In other words, under addition, the field element doesn’t change from 0, regardless of the size (n*1) of a and b, but, on the other hand, under multiplication, the field element does change:

c/d * d/c = (c*(-d))/(-d*(c)) = -(n*1)/-(n*1) = (n*1),

when a > b, and

c/d * d/c = (-c*d)/(d*(-c)) = -(n*1)/-(n*1) = (n*1),

when a < b. 

This, then, is the reason that we can use the “meshed gears” analogy to quantify the numerical relationship of the S|T units, at the apexes of the triplets, although it’s now clear that increasing the diameter of the gears, as the ratios change, is not the correct representation of the ratio.  There is another way that corresponds to the field values we’ve just been describing.  To see this, consider the graphic below, which illustrates how the finite groups of order n and -n are embedded in the infinite group.

Figure 1.  Finite Group of Order 1 and Order -1

In the figure above, we can see that selecting -2 and 2, from the infinite group of RNs gives us two finite groups, one generated by the identity element c, where a|b = 2|2, and one generated by the inverse identity element d, where b|a = 2|2. However, the order of the two groups should be 3; that is, the order should be 2(|a|-1)+1 = 2(2-1)+1 = 3, but it isn’t.  Instead, we get a finite group of order 11. 

Of course, the order has increased because we are using the RNs, not their integer equivalents.
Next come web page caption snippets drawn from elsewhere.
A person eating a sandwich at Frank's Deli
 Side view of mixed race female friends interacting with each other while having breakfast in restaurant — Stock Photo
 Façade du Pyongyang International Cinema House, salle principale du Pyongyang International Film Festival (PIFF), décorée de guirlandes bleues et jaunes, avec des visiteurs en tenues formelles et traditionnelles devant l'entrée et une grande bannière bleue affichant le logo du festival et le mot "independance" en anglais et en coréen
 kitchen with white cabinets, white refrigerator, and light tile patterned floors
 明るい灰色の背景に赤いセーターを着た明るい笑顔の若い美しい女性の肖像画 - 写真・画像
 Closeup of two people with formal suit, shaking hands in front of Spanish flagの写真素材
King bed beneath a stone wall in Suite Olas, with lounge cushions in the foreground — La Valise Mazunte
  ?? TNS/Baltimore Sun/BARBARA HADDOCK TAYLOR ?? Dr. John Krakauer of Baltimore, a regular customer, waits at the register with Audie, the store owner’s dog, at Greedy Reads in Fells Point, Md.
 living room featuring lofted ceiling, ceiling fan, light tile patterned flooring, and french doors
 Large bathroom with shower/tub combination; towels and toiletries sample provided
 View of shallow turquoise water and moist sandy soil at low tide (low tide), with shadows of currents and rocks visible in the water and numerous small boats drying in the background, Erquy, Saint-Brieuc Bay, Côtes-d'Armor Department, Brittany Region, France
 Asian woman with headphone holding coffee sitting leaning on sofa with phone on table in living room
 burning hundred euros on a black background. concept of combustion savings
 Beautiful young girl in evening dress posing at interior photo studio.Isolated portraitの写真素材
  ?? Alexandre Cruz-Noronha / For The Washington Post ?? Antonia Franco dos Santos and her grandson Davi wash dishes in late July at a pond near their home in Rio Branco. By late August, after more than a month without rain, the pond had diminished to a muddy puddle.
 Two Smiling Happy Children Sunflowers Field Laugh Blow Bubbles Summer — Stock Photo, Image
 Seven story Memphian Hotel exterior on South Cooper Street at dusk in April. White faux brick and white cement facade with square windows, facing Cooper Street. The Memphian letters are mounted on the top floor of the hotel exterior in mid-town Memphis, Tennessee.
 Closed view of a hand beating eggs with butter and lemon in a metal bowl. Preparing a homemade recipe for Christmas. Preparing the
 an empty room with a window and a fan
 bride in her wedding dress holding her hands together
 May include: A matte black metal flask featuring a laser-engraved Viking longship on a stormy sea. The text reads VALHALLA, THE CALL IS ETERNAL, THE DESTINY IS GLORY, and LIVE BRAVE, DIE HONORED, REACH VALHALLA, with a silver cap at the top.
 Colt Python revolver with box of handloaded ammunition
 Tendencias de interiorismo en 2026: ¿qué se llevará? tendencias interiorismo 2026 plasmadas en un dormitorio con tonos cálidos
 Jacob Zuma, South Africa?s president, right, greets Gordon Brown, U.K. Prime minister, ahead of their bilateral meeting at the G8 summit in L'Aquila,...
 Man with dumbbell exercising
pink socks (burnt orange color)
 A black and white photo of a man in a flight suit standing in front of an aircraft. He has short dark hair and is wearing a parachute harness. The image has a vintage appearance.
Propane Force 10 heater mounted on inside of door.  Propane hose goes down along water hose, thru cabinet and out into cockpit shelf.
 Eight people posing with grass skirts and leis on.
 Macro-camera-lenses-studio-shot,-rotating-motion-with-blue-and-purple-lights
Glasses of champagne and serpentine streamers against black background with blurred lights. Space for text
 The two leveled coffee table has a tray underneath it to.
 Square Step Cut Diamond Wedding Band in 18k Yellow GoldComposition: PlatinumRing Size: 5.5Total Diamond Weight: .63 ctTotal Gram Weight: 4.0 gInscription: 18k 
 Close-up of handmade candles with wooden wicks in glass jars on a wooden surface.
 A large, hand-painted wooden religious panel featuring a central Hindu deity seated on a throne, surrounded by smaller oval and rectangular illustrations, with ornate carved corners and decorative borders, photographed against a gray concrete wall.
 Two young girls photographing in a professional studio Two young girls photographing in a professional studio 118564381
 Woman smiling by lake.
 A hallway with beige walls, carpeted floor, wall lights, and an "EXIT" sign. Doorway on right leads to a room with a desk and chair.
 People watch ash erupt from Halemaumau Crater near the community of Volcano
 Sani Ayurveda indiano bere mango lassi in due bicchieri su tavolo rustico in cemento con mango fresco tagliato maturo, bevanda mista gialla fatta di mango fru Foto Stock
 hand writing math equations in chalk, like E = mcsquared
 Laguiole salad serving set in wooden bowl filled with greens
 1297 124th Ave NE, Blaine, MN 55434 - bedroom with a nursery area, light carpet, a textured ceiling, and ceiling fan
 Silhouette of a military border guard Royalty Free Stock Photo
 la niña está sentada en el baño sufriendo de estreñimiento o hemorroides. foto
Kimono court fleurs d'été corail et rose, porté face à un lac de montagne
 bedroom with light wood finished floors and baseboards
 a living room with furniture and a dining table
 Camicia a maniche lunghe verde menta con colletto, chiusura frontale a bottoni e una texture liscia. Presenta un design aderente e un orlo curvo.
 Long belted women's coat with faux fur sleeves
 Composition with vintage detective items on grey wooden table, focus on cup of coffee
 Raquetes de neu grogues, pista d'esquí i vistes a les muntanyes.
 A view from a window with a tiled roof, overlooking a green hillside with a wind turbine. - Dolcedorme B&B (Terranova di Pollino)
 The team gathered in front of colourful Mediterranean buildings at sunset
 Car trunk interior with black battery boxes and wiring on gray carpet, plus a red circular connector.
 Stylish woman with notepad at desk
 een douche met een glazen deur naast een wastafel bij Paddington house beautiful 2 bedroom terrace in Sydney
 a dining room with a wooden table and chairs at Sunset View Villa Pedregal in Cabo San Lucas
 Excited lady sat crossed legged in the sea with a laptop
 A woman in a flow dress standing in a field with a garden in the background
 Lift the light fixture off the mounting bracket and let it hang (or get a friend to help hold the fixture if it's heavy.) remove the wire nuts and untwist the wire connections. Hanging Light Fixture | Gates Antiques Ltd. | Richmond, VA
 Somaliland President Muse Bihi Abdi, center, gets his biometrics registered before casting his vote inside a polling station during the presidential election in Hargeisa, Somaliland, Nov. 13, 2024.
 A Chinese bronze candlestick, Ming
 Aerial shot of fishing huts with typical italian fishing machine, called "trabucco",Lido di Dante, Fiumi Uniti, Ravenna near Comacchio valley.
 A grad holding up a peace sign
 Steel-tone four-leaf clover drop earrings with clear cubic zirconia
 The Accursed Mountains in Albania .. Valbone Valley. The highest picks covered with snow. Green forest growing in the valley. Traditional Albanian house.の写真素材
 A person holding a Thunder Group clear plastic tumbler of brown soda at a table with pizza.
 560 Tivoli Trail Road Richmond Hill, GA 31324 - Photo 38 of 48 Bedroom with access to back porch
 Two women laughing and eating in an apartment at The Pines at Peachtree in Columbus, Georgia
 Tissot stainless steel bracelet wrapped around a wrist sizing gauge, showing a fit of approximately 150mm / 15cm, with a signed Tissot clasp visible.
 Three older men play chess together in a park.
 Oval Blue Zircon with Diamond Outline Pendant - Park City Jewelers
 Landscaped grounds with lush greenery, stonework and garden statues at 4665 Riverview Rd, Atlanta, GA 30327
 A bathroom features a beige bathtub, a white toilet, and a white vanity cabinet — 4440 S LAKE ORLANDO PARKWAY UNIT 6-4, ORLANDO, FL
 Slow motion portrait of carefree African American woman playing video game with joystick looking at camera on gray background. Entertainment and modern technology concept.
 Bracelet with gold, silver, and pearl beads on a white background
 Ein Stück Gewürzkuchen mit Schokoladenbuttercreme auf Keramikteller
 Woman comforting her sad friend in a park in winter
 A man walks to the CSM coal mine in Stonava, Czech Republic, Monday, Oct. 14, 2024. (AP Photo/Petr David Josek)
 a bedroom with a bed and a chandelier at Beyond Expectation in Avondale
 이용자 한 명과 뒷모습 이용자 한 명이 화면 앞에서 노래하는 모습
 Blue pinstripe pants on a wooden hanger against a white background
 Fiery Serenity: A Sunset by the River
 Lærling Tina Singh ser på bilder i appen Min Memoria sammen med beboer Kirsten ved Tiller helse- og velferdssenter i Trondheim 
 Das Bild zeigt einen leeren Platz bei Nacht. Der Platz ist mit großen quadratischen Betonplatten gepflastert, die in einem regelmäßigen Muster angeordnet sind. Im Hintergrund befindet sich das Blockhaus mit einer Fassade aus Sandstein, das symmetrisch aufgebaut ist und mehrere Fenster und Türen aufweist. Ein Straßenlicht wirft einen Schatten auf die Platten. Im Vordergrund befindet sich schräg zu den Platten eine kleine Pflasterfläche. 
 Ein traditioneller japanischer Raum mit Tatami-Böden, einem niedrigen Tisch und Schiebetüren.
In the case of RNs, two out of four units are required to reach a unit value of -2, from 0, but four of these same units are required to reach 2, from -2.  In other words, the distance between -2 and 2 is four units, or 4(.5) = 2.

Thus, the total distance from 0 to -2, and from -2 to 2, or vice versa, is 2+4 = 6. Plugging this number into our equation for order gives us

2(6-1) + 1 = 10 + 1 = 11,

the number of elements in the two finite groups shown above. However, this non-intuitive result stems from the mathematical properties of the group, because we have combined the inverse elements of the infinite group to get the identity element of both the infinite group and the corresponding finite group.  Moreover, we see that the identity element of the infinite group is 0, which is now understood as the reciprocal of the identity element of finite groups; that is, 0 is the reciprocal of infinity, and discrete is the reciprocal of continuous.   This stuff is mind-blowing, but it all proceeds from the symmetry of reciprocity, the most fundamental property of the universe.